*WORK TO COMPLETE*
Search term "Blot": please copy every line of the records below that contains it.

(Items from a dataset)
◇ ◇ ◇ ◇ ◇ ◇ ◇

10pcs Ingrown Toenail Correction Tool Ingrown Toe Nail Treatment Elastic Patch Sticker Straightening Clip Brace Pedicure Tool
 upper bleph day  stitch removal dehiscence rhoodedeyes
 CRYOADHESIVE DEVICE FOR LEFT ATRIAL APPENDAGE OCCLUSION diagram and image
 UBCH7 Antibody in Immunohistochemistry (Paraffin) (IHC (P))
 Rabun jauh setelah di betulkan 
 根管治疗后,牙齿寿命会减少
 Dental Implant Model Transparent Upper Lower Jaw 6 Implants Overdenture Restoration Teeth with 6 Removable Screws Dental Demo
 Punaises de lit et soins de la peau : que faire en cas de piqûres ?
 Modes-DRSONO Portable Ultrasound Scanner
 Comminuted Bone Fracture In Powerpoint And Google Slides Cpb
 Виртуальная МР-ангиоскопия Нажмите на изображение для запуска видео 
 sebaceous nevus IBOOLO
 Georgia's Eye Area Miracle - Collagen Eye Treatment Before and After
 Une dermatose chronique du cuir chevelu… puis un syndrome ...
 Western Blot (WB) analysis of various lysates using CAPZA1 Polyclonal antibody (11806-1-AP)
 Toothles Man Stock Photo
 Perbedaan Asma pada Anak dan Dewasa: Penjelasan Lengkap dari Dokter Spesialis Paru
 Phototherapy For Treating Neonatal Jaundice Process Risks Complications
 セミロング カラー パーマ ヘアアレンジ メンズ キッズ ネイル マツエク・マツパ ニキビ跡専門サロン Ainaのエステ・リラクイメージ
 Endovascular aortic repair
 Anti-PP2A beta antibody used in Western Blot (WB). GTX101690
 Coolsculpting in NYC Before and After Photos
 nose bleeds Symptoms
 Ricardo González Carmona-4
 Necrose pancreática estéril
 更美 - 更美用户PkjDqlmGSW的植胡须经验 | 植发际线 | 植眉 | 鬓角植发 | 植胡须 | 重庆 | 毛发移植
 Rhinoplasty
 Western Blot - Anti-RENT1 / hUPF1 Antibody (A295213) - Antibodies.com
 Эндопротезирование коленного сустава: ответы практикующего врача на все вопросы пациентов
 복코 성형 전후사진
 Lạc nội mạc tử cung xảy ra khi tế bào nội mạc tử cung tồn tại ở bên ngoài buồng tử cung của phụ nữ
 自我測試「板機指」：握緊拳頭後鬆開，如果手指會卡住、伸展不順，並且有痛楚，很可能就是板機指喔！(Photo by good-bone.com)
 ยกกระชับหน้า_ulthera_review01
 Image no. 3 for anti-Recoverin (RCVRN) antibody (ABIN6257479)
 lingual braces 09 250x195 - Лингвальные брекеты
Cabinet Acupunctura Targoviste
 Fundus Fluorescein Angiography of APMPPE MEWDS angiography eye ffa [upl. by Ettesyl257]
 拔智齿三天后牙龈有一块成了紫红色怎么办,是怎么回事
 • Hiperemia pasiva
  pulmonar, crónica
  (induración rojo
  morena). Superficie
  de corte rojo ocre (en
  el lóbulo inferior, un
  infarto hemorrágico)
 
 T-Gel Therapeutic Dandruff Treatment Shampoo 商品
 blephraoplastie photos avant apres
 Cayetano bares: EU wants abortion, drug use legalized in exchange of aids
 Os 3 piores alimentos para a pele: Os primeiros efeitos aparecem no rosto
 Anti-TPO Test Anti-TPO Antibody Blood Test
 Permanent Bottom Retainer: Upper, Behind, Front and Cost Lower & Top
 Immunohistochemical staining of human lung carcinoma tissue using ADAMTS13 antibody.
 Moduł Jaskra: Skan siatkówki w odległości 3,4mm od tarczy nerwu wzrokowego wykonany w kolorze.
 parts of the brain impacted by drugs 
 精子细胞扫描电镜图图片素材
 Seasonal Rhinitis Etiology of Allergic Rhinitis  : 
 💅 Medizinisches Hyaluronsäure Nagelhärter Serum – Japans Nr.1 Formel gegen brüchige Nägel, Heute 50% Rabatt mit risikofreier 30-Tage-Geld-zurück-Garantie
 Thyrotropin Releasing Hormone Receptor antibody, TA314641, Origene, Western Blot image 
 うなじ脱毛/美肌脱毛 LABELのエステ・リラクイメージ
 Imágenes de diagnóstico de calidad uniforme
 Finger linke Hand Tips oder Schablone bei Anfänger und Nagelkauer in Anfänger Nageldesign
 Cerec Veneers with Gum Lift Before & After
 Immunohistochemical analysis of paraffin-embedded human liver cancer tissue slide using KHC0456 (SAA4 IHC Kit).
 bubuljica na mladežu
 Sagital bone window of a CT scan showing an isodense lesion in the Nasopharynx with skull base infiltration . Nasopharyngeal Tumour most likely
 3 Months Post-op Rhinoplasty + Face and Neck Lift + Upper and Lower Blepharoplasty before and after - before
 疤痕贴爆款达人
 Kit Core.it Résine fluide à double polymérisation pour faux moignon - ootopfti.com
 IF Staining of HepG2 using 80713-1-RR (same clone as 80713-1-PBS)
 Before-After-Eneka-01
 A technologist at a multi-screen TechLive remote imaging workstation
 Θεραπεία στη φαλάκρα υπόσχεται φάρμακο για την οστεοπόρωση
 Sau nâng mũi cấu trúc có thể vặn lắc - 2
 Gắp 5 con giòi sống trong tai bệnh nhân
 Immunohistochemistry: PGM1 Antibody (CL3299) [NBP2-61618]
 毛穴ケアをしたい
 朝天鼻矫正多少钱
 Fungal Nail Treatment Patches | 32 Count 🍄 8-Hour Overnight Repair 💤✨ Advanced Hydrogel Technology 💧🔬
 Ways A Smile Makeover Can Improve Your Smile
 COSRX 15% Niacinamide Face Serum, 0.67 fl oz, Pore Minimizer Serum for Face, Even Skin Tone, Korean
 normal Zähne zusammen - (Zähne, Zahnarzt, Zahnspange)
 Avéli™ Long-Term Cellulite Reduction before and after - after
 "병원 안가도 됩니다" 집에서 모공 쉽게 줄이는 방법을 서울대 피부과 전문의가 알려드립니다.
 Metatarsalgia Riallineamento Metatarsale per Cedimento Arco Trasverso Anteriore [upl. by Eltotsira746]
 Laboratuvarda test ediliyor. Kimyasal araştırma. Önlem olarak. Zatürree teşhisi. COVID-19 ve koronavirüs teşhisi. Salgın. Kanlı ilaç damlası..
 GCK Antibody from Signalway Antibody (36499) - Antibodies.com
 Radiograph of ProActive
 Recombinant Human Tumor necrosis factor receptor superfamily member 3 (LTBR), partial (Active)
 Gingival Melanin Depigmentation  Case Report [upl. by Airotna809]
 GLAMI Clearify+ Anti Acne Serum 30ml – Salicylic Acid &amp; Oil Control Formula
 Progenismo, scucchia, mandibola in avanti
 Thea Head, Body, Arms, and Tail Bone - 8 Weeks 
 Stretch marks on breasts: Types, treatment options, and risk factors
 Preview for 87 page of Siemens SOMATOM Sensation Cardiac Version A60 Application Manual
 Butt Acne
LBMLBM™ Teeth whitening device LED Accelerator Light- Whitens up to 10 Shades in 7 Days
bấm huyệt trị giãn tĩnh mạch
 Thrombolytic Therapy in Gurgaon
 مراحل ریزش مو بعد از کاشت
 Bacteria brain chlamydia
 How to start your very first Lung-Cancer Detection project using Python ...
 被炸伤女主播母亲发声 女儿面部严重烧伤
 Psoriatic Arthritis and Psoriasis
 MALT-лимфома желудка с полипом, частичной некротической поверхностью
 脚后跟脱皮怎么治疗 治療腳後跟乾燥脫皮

◇ ◇ ◇ ◇ ◇ ◇ ◇

*TASK SOLUTION*
 Western Blot (WB) analysis of various lysates using CAPZA1 Polyclonal antibody (11806-1-AP)
 Anti-PP2A beta antibody used in Western Blot (WB). GTX101690
 Western Blot - Anti-RENT1 / hUPF1 Antibody (A295213) - Antibodies.com
 Thyrotropin Releasing Hormone Receptor antibody, TA314641, Origene, Western Blot image 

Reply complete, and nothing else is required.